Dáil debates

Thursday, 4 November 2021

Saincheisteanna Tráthúla - Topical Issue Debate

Technological Universities

5:20 pm

Photo of Marc Ó CathasaighMarc Ó Cathasaigh (Waterford, Green Party) | Oireachtas source

I thank the Ceann Comhairle for the opportunity to discuss this issue. It is topical. It was announced only on Tuesday of this week.

I warmly welcome the announcement of a new technological university of the south-east which is to open its doors at the latest by May of next year. There are many people to thank in what has been a long and arduous process. I would thank the Minister for his work on it. He has brought an energy to the process. I want to thank particularly Professor Willie Donnelly of Waterford Institute of Technology, WIT, and Dr. Patricia Mulcahy of the Institute of Technology, Carlow. They were instrumental. So too were Mr. Jim Moore and Mr. John Moore, the chairs of the respective institutions, and Mr. Tom Boland and his team.

I acknowledge as well both Government and Opposition Oireachtas Members across the region. It is a region where often the Oireachtas Members are facing in different directions but on this issue we have been speaking for the most part with one voice and pulling in the same direction. That is really important.

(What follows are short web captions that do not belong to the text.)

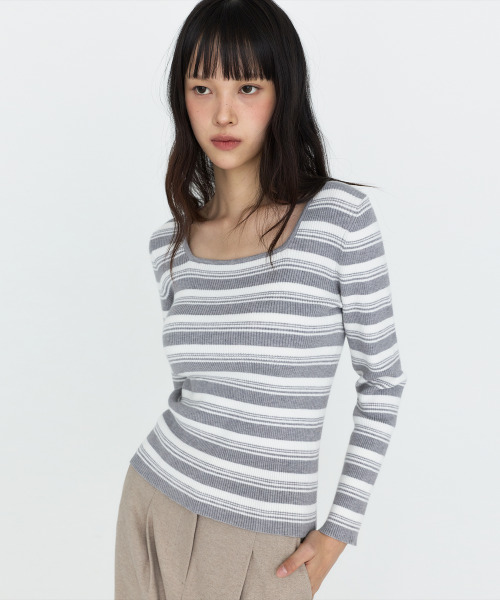 MONGDOL（モンドル）の「ストライプ スクエアネック リブニット MDKT163_3 カラー（ニット/セーター・レディース・ネイビー/ブラック/ライトグレー・F）」の4枚目の写真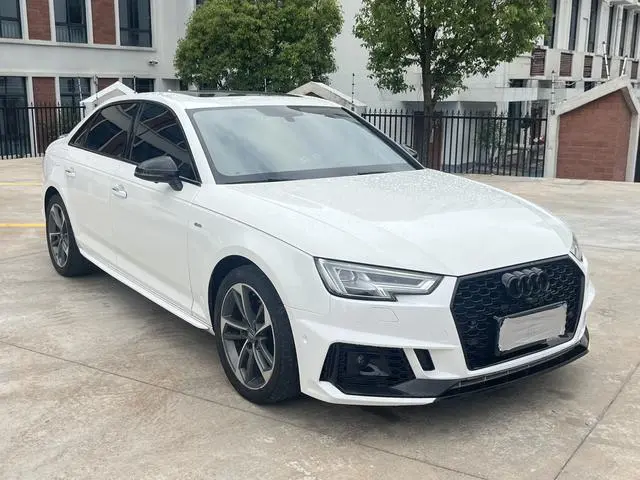 Audi Audi A4L 30th anniversary type 40 TFSI sports type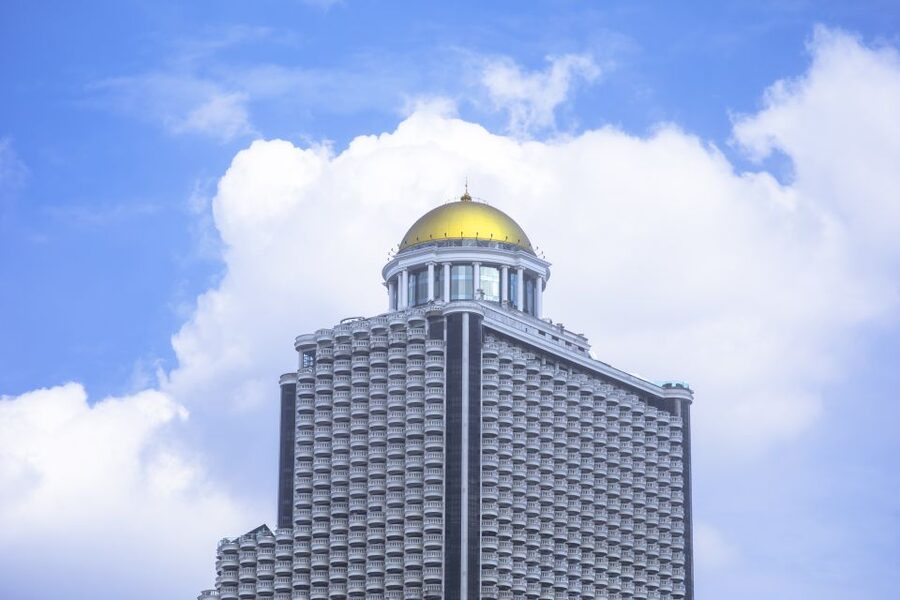 Bangkok: Lebua Rooftop Bar Reservation & Round-Trip Transfer - From your hotel to State Tower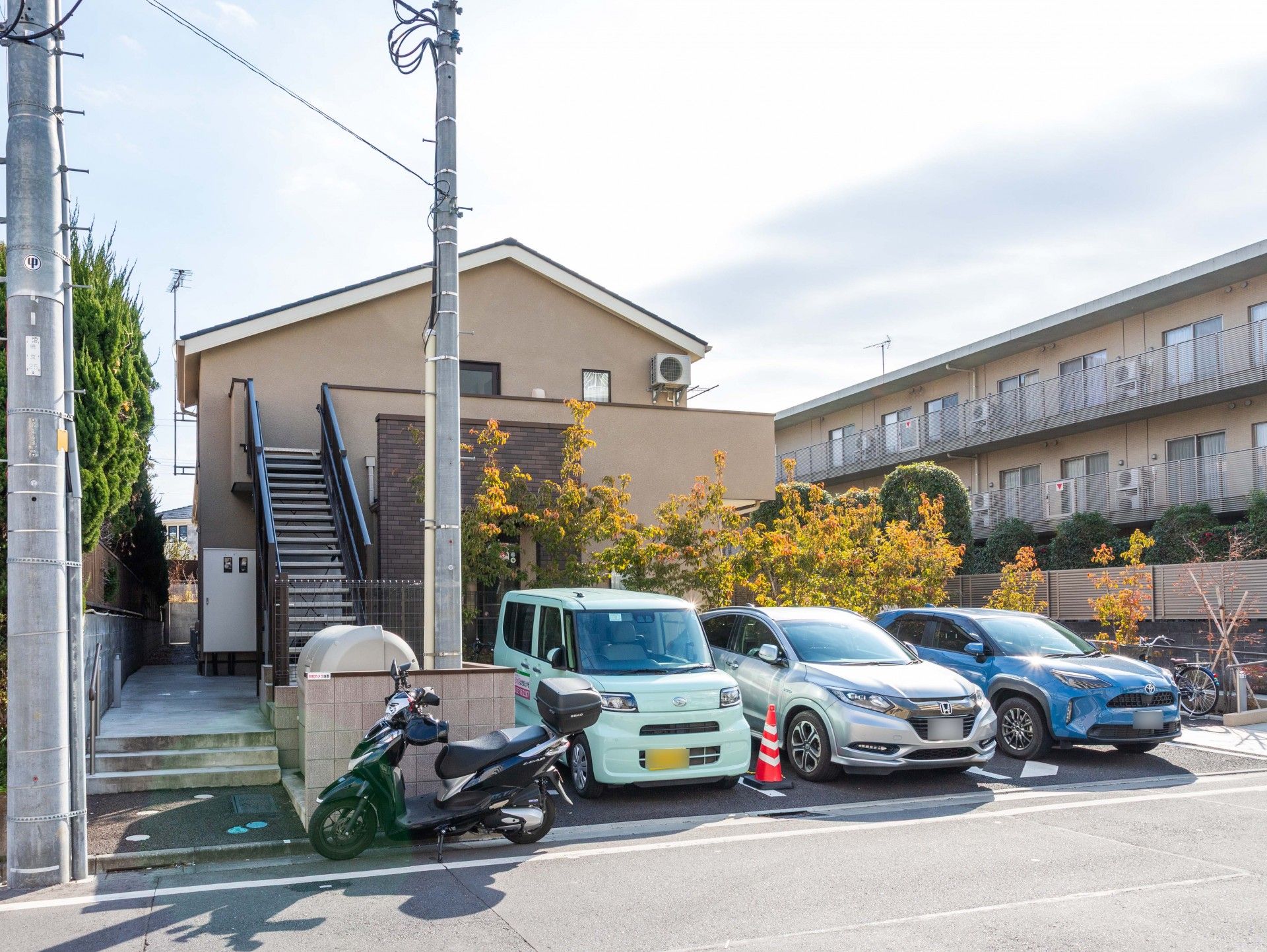 駐車場と建物の外観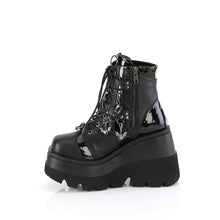 Load image into Gallery viewer, Botines Demonia SHAKER-66 Negro Piel vegana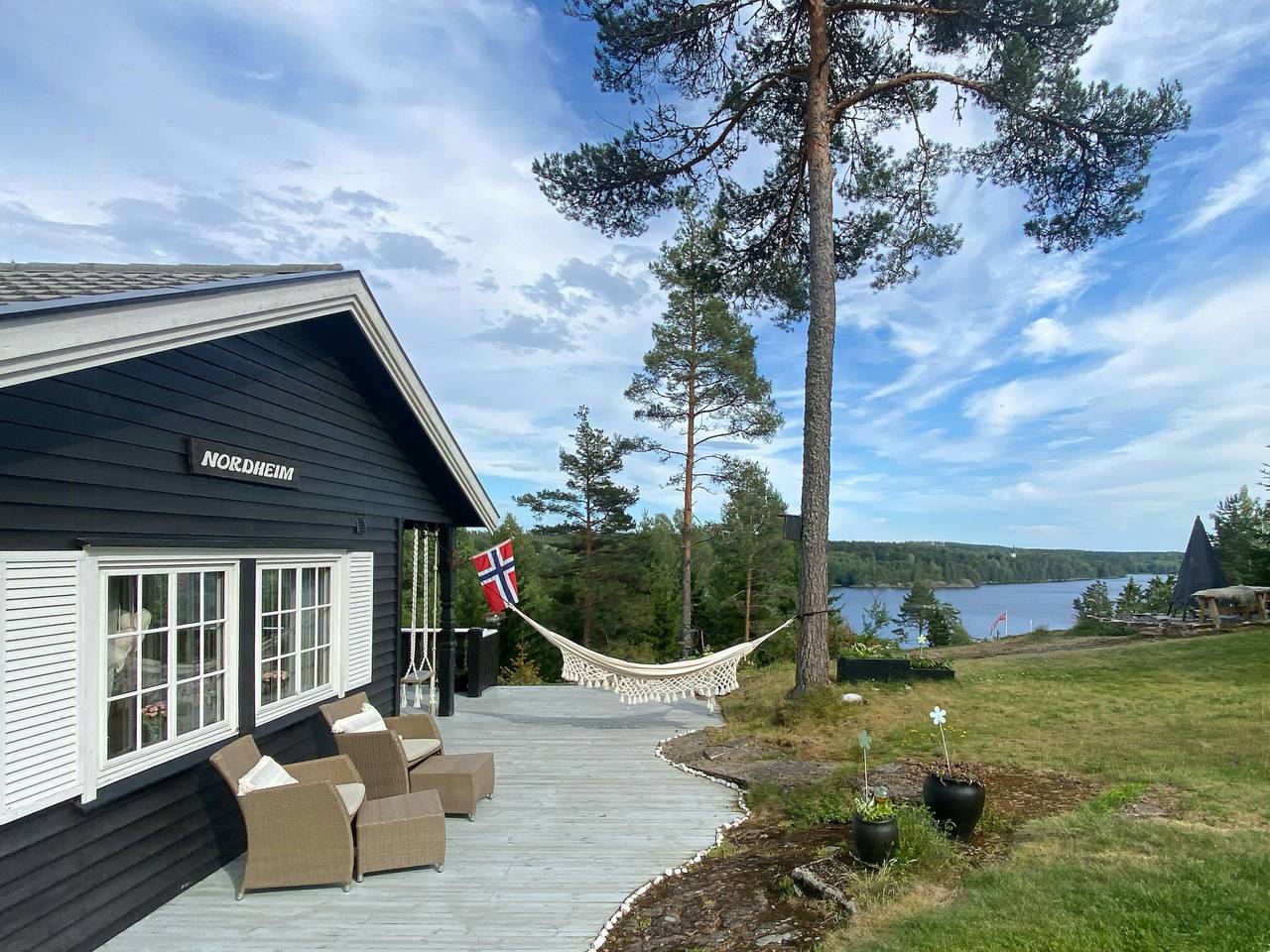 Hütte mit Anbau und Blick auf den Øymarksjøen in Marker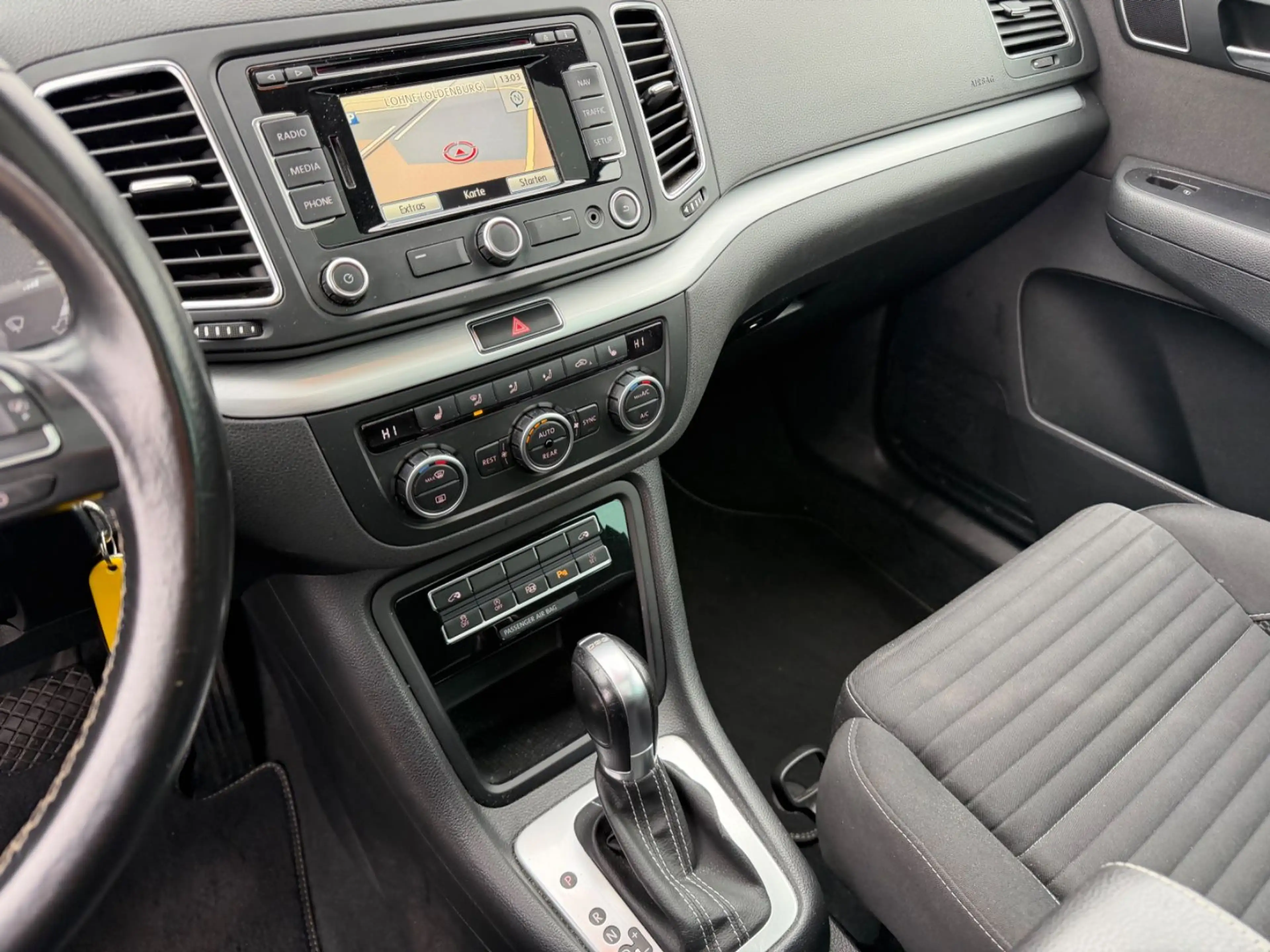 Volkswagen Sharan Cup BMT/2,0/XENON/NAVI/AHK/TEMPOMAT — photo 11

While Tuesday's announcement is a significant milestone, we have to acknowledge there is still a long way to travel before we fully realise the university of scale and substance we need to serve the needs of the population and the people of the south east because we have lagged behind historically. I could use any number of metrics to show that. It is something to which the Minister referred in the Seanad yesterday as a glaring anomaly. It was a commitment in the programme for Government to address that anomaly and I am glad we managed to deliver.

I will return to something I addressed to the Minister on 19 November last year because the facts and figures speak for themselves:

As a region the south east accounts for 8.9% of the population but only 5% of the higher education income. Of our young people who enter higher education, 59% of them leave the region in order to do so, which is in or around 11,000 students per annum. This equates to a significant wealth transfer out of the south east but far more damaging is the loss of our young people and we see a pronounced demographic doughnut in the region characterised by a missing generation of 19 to 45 year olds. Our young people are going away and in many cases are staying away.

That is as true today as it was at the start of this week. It is what a technical university, and one of substance, should be designed to achieve and address. A well-respected commentator in Waterford posed the following challenge in the wake of Tuesday's announcement which is worth considering. He said he had yet to hear anyone adequately articulate what distinguishes a TU from an IoT. I think we have that responsibility, both Members of the Oireachtas collectively and the Minister, to do exactly that and make it abundantly clear to the people of the south east that this is the game changer he and I believe it should and can be for the region.

Pivotal in doing that, I identify four issues. First, is site acquisition. The Cork Road campus in WIT is creaking at the seams and we need to expand the footprint. Not only that, if we expand the footprint, we need to build on it. If we are talking about a university of scale and substance, then we have to talk about capital investment at scale. Related is the ability to borrow. I know Housing for All addresses some aspects of that in relation to student accommodation, but access to European Investment Bank funding is important. The president is also pivotal, as is the membership of the governing authority. If this is the university I hope it can be to capitalise, change and drive on the south east, we should look to attract the absolute top talent to help drive that process forward and bring those institutions together.